This patch adds a variable to track if the ndev is running before
handling new skb in send function.

Reported-by: syzbot+6eb09d75211863f15e3e@syzkaller.appspotmail.com
Closes: https://lore.kernel.org/lkml/00000000000075472b06007df4fb@google.com
Signed-off-by: Nguyen Dinh Phi <phind.uet@gmail.com>
---
 drivers/nfc/virtual_ncidev.c | 9 +++++++--
 1 file changed, 7 insertions(+), 2 deletions(-)
  

Comments

Bongsu Jeon Nov. 20, 2023, 4:47 a.m. UTC | #1
On 20/11/2023 01:47, Nguyen Dinh Phi wrote:

> syzbot reported an memory leak that happens when an skb is add to
> send_buff after virtual nci closed.
> This patch adds a variable to track if the ndev is running before
> handling new skb in send function.
> 
> Reported-by: syzbot+6eb09d75211863f15e3e@syzkaller.appspotmail.com
> Closes: https://lore.kernel.org/lkml/00000000000075472b06007df4fb@google.com
> Signed-off-by: Nguyen Dinh Phi <phind.uet@gmail.com>
> ---
>  drivers/nfc/virtual_ncidev.c | 9 +++++++--
>  1 file changed, 7 insertions(+), 2 deletions(-)
> 
> diff --git a/drivers/nfc/virtual_ncidev.c b/drivers/nfc/virtual_ncidev.c
> index b027be0b0b6f..ac8226db54e2 100644
> --- a/drivers/nfc/virtual_ncidev.c
> +++ b/drivers/nfc/virtual_ncidev.c
> @@ -20,26 +20,31 @@
>                                   NFC_PROTO_ISO14443_MASK | \
>                                   NFC_PROTO_ISO14443_B_MASK | \
>                                   NFC_PROTO_ISO15693_MASK)
> +#define NCIDEV_RUNNING 0
This define isn't used.

>  
>  struct virtual_nci_dev {
>          struct nci_dev *ndev;
>          struct mutex mtx;
>          struct sk_buff *send_buff;
>          struct wait_queue_head wq;
> +        bool running;
>  };
>  
>  static int virtual_nci_open(struct nci_dev *ndev)
>  {
> +        struct virtual_nci_dev *vdev = nci_get_drvdata(ndev);
> +
> +        vdev->running = true;
>          return 0;
>  }
>  
>  static int virtual_nci_close(struct nci_dev *ndev)
>  {
>          struct virtual_nci_dev *vdev = nci_get_drvdata(ndev);
> -
>          mutex_lock(&vdev->mtx);
>          kfree_skb(vdev->send_buff);
>          vdev->send_buff = NULL;
> +        vdev->running = false;
>          mutex_unlock(&vdev->mtx);
>  
>          return 0;
> @@ -50,7 +55,7 @@ static int virtual_nci_send(struct nci_dev *ndev, struct sk_buff *skb)
>          struct virtual_nci_dev *vdev = nci_get_drvdata(ndev);
>  
>          mutex_lock(&vdev->mtx);
> -        if (vdev->send_buff) {
> +        if (vdev->send_buff || !vdev->running) {

Dear Krzysztof,

I agree this defensive code.
But i think NFC submodule has to avoid this situation.(calling send function of closed nci_dev)
Could you check this?

Best regards,
Bongsu
  
Krzysztof Kozlowski Nov. 20, 2023, 9:06 a.m.
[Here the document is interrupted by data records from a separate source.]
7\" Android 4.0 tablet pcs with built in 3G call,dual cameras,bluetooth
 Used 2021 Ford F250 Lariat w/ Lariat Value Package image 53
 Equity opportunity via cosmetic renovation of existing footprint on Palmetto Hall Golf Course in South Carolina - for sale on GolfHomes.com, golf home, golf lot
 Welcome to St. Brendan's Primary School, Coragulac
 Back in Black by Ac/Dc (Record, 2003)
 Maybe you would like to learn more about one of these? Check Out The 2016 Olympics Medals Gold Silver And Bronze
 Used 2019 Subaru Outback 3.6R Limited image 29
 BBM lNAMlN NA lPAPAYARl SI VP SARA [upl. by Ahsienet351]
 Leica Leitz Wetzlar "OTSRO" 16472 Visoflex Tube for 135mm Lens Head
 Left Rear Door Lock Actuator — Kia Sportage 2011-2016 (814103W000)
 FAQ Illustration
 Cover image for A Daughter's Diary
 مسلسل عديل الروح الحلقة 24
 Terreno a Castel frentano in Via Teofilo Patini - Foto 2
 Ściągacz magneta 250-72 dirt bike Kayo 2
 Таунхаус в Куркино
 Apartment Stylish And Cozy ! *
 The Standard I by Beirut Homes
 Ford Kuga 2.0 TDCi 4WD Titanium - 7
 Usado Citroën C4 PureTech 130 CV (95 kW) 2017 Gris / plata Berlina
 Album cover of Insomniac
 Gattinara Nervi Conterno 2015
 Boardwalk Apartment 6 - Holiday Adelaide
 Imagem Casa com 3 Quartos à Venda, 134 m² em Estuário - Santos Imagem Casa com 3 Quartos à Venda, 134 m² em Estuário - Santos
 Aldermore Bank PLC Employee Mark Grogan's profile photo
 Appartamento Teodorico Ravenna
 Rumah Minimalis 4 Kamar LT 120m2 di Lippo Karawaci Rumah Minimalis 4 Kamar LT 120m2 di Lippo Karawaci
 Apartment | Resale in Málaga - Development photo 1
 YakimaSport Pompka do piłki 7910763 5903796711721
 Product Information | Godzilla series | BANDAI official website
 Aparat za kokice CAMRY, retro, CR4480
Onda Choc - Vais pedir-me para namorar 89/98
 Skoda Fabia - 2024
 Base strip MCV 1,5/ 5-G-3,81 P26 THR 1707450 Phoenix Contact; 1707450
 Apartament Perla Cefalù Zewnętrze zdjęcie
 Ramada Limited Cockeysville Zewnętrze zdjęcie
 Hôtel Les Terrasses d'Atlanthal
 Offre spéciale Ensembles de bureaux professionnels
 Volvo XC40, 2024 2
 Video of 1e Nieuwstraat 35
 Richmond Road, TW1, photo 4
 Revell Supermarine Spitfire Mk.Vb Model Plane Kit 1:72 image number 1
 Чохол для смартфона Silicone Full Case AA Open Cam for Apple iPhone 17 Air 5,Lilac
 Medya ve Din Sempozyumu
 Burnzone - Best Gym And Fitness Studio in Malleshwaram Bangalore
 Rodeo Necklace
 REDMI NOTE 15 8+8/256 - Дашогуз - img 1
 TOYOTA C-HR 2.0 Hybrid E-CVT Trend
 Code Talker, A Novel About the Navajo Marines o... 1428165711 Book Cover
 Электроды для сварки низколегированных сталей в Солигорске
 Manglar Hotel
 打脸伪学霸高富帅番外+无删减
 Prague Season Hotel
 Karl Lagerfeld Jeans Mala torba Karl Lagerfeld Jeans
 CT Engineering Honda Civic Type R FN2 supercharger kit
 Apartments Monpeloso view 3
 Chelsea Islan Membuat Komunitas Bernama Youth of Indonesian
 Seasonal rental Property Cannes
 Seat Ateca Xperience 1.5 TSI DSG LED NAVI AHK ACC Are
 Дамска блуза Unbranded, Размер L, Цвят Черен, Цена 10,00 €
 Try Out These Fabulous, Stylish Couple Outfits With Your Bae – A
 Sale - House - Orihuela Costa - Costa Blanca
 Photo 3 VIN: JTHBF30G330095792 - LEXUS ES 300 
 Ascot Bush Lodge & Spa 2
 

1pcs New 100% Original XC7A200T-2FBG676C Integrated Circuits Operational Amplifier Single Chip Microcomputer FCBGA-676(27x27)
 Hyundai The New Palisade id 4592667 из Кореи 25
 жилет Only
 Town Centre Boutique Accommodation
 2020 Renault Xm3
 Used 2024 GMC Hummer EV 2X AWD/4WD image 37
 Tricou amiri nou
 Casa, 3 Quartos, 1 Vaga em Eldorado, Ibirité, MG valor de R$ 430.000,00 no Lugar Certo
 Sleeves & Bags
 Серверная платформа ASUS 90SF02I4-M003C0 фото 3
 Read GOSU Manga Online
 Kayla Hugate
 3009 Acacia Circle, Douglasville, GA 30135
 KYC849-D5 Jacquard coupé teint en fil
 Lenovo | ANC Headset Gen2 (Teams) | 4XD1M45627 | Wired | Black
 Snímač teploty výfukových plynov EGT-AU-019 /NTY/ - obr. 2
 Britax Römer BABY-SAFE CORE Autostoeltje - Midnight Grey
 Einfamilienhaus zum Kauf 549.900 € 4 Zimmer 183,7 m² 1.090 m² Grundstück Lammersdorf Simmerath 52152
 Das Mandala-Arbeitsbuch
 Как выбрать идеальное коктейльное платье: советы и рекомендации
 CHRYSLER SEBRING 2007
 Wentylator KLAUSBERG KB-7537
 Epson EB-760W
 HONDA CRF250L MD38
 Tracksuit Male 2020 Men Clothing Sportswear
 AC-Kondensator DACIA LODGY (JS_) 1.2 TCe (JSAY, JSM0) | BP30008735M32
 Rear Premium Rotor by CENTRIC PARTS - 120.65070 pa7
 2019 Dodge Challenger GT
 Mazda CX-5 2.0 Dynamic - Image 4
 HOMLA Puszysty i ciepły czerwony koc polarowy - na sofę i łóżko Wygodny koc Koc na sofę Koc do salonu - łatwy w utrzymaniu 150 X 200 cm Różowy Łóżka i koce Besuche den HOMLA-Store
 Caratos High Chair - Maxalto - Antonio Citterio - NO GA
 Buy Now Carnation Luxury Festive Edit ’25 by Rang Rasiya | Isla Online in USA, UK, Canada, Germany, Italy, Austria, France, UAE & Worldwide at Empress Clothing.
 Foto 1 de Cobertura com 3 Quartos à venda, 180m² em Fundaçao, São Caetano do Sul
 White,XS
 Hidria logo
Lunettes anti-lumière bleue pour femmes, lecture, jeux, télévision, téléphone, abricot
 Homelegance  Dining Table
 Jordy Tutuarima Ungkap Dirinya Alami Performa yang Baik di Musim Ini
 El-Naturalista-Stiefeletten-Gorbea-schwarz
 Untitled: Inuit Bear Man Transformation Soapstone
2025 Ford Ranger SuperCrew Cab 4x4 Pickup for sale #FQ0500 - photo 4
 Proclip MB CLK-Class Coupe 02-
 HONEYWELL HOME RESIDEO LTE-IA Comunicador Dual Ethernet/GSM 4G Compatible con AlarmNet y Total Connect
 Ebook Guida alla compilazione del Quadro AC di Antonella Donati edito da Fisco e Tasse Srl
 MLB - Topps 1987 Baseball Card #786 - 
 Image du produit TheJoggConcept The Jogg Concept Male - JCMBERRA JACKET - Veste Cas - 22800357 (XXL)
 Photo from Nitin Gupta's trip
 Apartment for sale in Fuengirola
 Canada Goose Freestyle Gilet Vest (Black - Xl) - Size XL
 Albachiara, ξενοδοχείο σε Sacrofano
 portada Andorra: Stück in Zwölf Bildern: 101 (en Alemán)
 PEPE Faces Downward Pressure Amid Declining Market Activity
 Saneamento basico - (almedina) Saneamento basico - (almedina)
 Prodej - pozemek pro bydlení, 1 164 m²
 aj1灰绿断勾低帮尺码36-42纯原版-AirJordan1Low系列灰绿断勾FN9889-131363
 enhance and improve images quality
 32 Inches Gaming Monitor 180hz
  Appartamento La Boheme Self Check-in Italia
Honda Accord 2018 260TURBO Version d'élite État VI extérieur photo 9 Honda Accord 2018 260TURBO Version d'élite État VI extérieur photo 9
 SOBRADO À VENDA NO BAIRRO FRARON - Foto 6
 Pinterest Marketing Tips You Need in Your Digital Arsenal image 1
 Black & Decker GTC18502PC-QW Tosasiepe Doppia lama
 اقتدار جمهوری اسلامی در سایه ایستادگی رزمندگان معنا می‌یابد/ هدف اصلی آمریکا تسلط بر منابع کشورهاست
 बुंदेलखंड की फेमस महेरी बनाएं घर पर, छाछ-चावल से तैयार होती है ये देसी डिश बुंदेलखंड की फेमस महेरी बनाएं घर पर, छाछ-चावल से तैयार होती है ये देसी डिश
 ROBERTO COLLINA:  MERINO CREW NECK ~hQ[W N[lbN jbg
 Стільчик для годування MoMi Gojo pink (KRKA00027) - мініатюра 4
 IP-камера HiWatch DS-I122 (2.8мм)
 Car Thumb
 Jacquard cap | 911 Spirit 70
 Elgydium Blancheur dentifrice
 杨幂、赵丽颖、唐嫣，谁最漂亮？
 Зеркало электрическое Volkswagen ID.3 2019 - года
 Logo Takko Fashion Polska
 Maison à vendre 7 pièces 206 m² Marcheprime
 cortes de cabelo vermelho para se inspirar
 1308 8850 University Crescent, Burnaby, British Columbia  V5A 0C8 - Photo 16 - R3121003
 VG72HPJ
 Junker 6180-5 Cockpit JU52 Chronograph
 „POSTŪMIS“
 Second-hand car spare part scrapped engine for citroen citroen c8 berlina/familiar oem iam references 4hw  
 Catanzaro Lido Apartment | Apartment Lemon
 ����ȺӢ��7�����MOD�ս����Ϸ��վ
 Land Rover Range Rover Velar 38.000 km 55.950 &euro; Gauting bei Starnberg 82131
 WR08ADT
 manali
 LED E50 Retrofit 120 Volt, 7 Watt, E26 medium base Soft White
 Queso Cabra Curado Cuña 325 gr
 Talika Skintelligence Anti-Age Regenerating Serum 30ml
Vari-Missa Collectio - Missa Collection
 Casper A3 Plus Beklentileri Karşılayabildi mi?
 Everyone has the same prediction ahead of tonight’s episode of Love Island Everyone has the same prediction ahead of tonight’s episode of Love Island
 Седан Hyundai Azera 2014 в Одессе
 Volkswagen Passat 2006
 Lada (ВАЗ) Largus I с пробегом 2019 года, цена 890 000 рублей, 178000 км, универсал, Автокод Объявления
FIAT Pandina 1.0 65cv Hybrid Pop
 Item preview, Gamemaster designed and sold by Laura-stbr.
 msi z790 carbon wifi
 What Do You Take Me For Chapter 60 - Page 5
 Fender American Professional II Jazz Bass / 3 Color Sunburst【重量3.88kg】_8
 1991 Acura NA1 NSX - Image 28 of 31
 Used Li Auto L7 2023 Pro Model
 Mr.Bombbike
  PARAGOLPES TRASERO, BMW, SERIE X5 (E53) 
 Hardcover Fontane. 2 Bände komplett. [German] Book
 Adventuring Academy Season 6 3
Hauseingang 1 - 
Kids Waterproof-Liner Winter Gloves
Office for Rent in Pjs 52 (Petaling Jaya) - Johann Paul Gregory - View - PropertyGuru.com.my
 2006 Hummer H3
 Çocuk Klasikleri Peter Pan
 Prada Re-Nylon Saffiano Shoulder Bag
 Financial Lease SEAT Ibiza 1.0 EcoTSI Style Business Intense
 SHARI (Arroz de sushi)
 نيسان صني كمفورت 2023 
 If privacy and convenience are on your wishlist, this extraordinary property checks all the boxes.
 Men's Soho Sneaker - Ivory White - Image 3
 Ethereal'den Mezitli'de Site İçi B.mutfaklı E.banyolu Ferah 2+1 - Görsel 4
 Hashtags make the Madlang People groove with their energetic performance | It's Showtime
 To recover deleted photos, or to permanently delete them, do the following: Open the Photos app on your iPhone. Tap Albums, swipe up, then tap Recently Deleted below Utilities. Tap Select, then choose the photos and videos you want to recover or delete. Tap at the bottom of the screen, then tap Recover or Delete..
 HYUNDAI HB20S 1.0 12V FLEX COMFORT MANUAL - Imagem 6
UTC | #2
On 20/11/2023 05:47, Bongsu Jeon wrote:
> 
> On 20/11/2023 01:47, Nguyen Dinh Phi wrote:
> 
>> syzbot reported an memory leak that happens when an skb is add to
>> send_buff after virtual nci closed.
>> This patch adds a variable to track if the ndev is running before
>> handling new skb in send function.
>>
>> Reported-by: syzbot+6eb09d75211863f15e3e@syzkaller.appspotmail.com
>> Closes: https://lore.kernel.org/lkml/00000000000075472b06007df4fb@google.com
>> Signed-off-by: Nguyen Dinh Phi <phind.uet@gmail.com>
>> ---
>>  drivers/nfc/virtual_ncidev.c | 9 +++++++--
>>  1 file changed, 7 insertions(+), 2 deletions(-)
>>
>> diff --git a/drivers/nfc/virtual_ncidev.c b/drivers/nfc/virtual_ncidev.c
>> index b027be0b0b6f..ac8226db54e2 100644
>> --- a/drivers/nfc/virtual_ncidev.c
>> +++ b/drivers/nfc/virtual_ncidev.c
>> @@ -20,26 +20,31 @@
>>                                   NFC_PROTO_ISO14443_MASK | \
>>                                   NFC_PROTO_ISO14443_B_MASK | \
>>                                   NFC_PROTO_ISO15693_MASK)
>> +#define NCIDEV_RUNNING 0
> This define isn't used.
> 
>>  
>>  struct virtual_nci_dev {
>>          struct nci_dev *ndev;
>>          struct mutex mtx;
>>          struct sk_buff *send_buff;
>>          struct wait_queue_head wq;
>> +        bool running;
>>  };
>>  
>>  static int virtual_nci_open(struct nci_dev *ndev)
>>  {
>> +        struct virtual_nci_dev *vdev = nci_get_drvdata(ndev);
>> +
>> +        vdev->running = true;
>>          return 0;
>>  }
>>  
>>  static int virtual_nci_close(struct nci_dev *ndev)
>>  {
>>          struct virtual_nci_dev *vdev = nci_get_drvdata(ndev);
>> -
>>          mutex_lock(&vdev->mtx);
>>          kfree_skb(vdev->send_buff);
>>          vdev->send_buff = NULL;
>> +        vdev->running = false;
>>          mutex_unlock(&vdev->mtx);
>>  
>>          return 0;
>> @@ -50,7 +55,7 @@ static int virtual_nci_send(struct nci_dev *ndev, struct sk_buff *skb)
>>          struct virtual_nci_dev *vdev = nci_get_drvdata(ndev);
>>  
>>          mutex_lock(&vdev->mtx);
>> -        if (vdev->send_buff) {
>> +        if (vdev->send_buff || !vdev->running) {
> 
> Dear Krzysztof,
> 
> I agree this defensive code.
> But i think NFC submodule has to avoid this situation.(calling send function of closed nci_dev)
> Could you check this?

This code looks not effective. At this point vdev->send_buff is always
false, so the additional check would not bring any value.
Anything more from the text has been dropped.